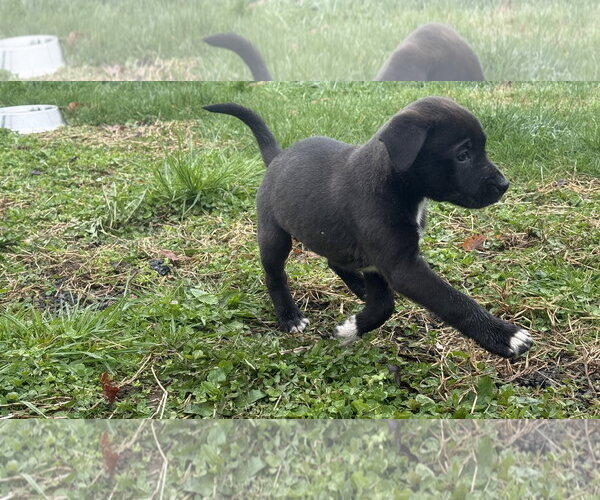 Medium Photo #3 Border Collie Puppy For Sale in Landenberg, PA, USA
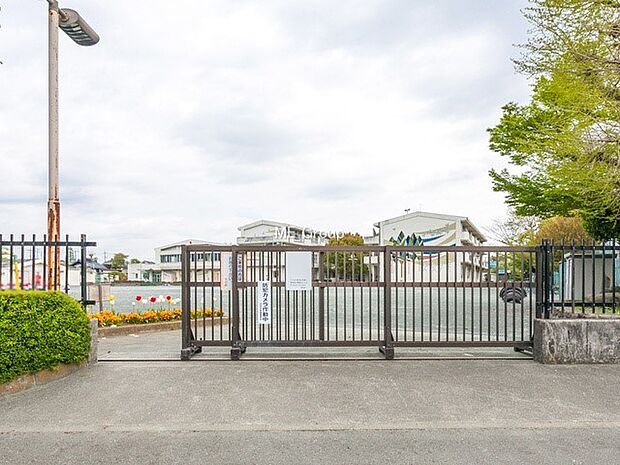 小学校 550m 羽村市立羽村西小学校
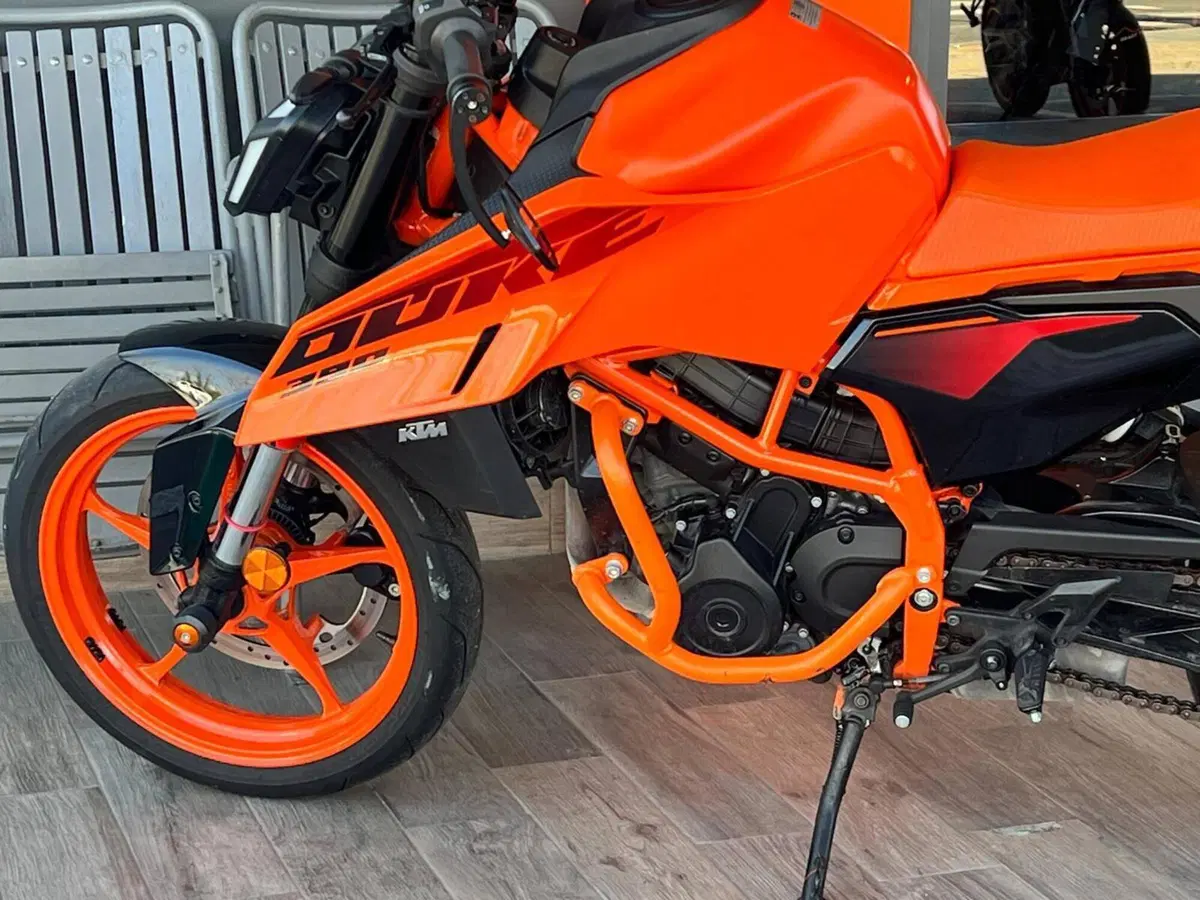 KTM 390 Duke (2024 - 25) (6)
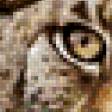 Preview of cross stitch pattern: #986864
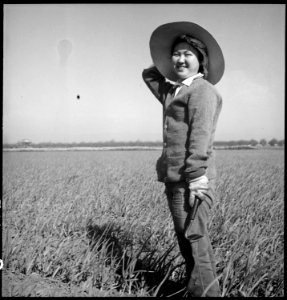 Mountain View, California. Weeding a garlic field in Santa Clara County. Evacuees of Japanese ance . . . - NARA - 537472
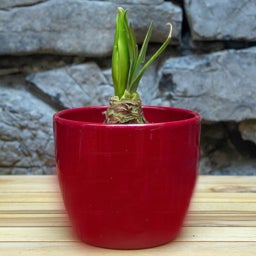 White, Christmas Gift Amaryllis Kit - Red Glossy Pot, Hippeastrum, Sprouting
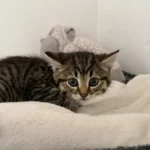 Kitten Dina Tierheim Schleswig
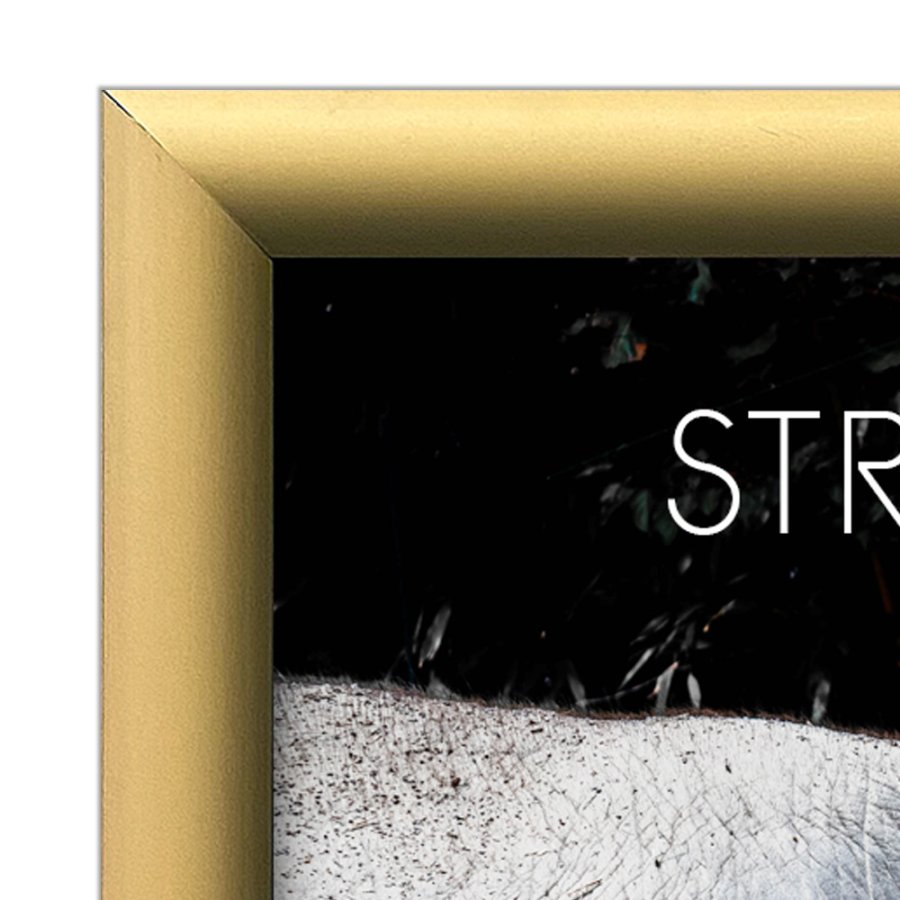 Alu sn&auml;ppramar - 25 mm - A4 - guldanodiserad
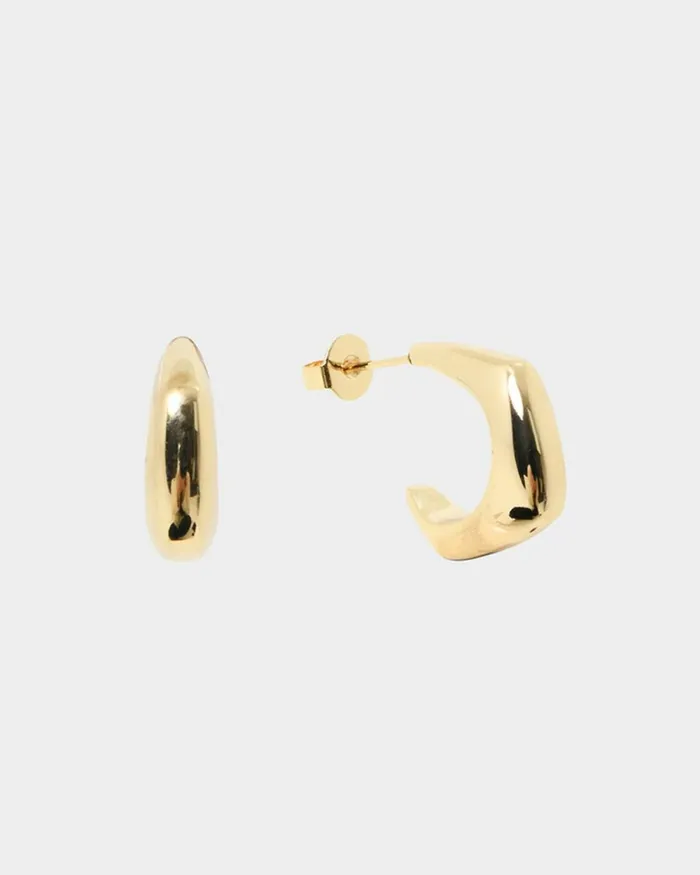 Forcast Sahana Silver Earrings Goldsilver Women Earrings
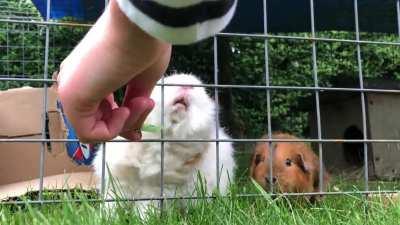 Piggies eating leaves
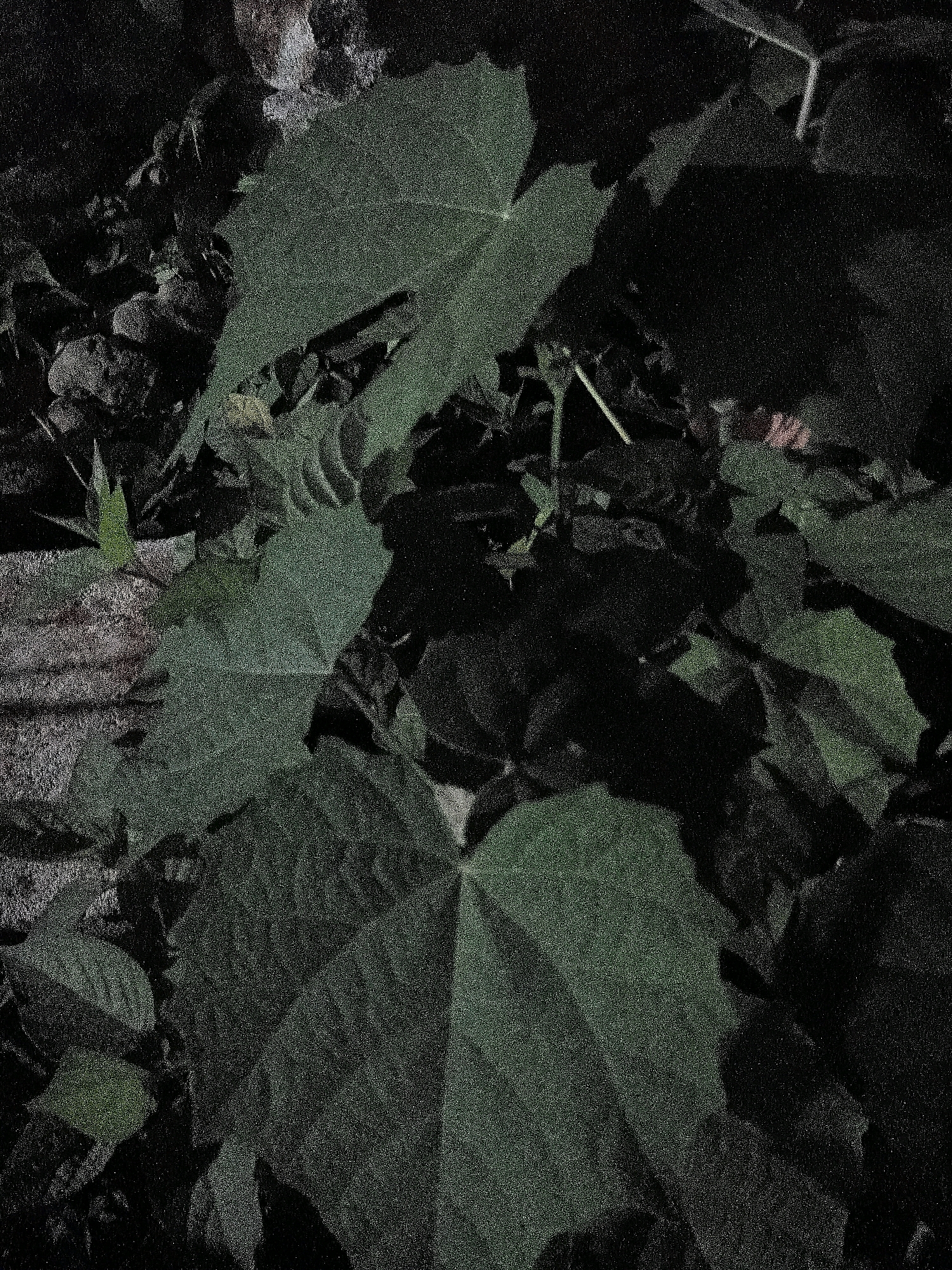 The image is a close-up, low-light shot of green leaves with a textured, grainy appearance. The leaves are large and somewhat palmate, with visible veins. Shadows obscure much of the scene, creating a dark and somewhat indistinct environment. There are hints of what appear to be rocks or soil beneath the leaves. The lighting suggests it is nighttime or a very shaded area. There is no indication of the specific location in the city of Cikal, Indonesia, nor are there any people or discernible actions taking place.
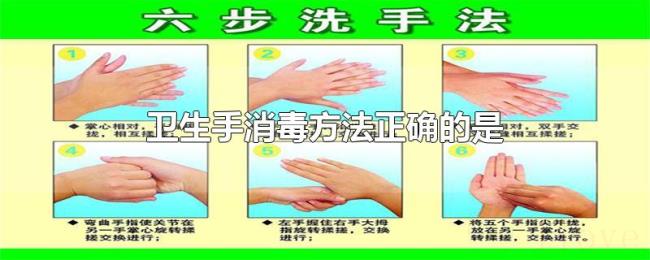 卫生手消毒方法正确的是 卫生手消毒方法正确的是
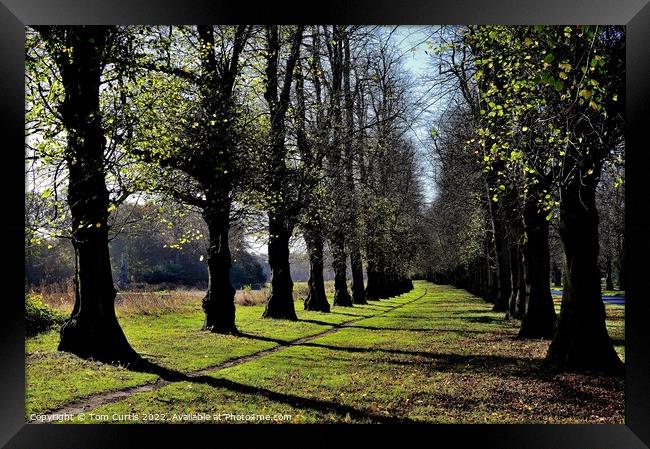 Clumber Park Nottinghamshire Framed Print by Tom Curtis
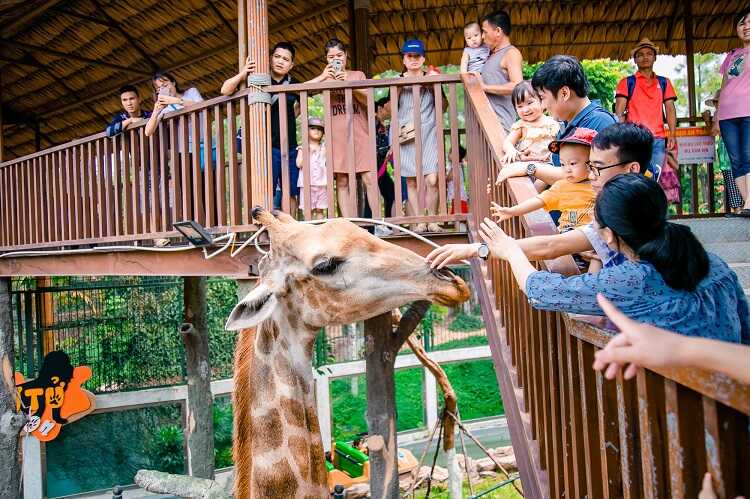 Thiên đường Bảo Sơn, công viên giải trí với nghìn góc sống ảo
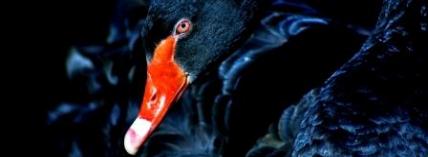 Black Swan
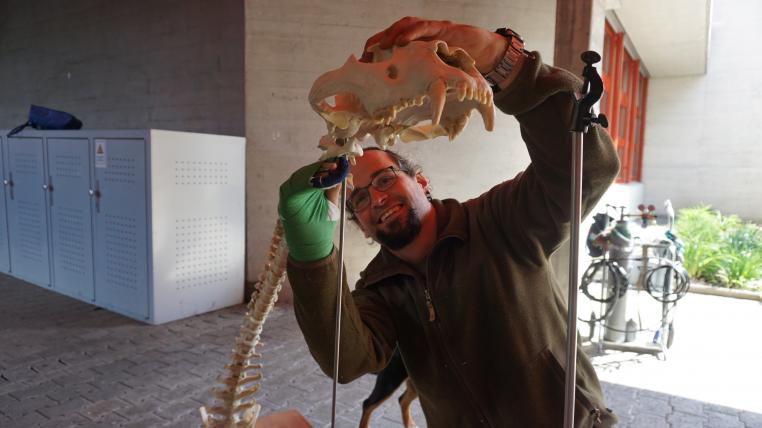 Sam Keller ist an der Kantonsschule Zug nicht nur Herr über die rund 100 Tiere, sondern auch über die Sammlung von Präparaten und Skeletten. Hier baut er ein Löwenskelett zusammen.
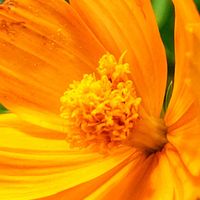 キバナコスモス,オレンジ色,イエロー,大好きな花,シルエット❤︎の画像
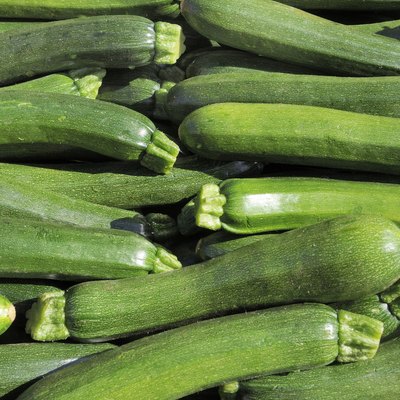 Organic Zucchini, Vegetables at a Farmer's Market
┄┄┄┄┄┄┄┄┄┄┄┄┄┄┄┄┄┄┄┄
> Problem statement
Please transcribe, word for word, every line from the first line of the records above through the line containing "Piggies eating leaves", and leave out any pictures.

> Solution to the problem
 Medium Photo #3 Border Collie Puppy For Sale in Landenberg, PA, USA
 小学校 550m 羽村市立羽村西小学校
 KTM 390 Duke (2024 - 25) (6)
 Preview of cross stitch pattern: #986864
 Mountain View, California. Weeding a garlic field in Santa Clara County. Evacuees of Japanese ance . . . - NARA - 537472
 White, Christmas Gift Amaryllis Kit - Red Glossy Pot, Hippeastrum, Sprouting
 Kitten Dina Tierheim Schleswig
 Alu sn&auml;ppramar - 25 mm - A4 - guldanodiserad
 Forcast Sahana Silver Earrings Goldsilver Women Earrings
 Piggies eating leaves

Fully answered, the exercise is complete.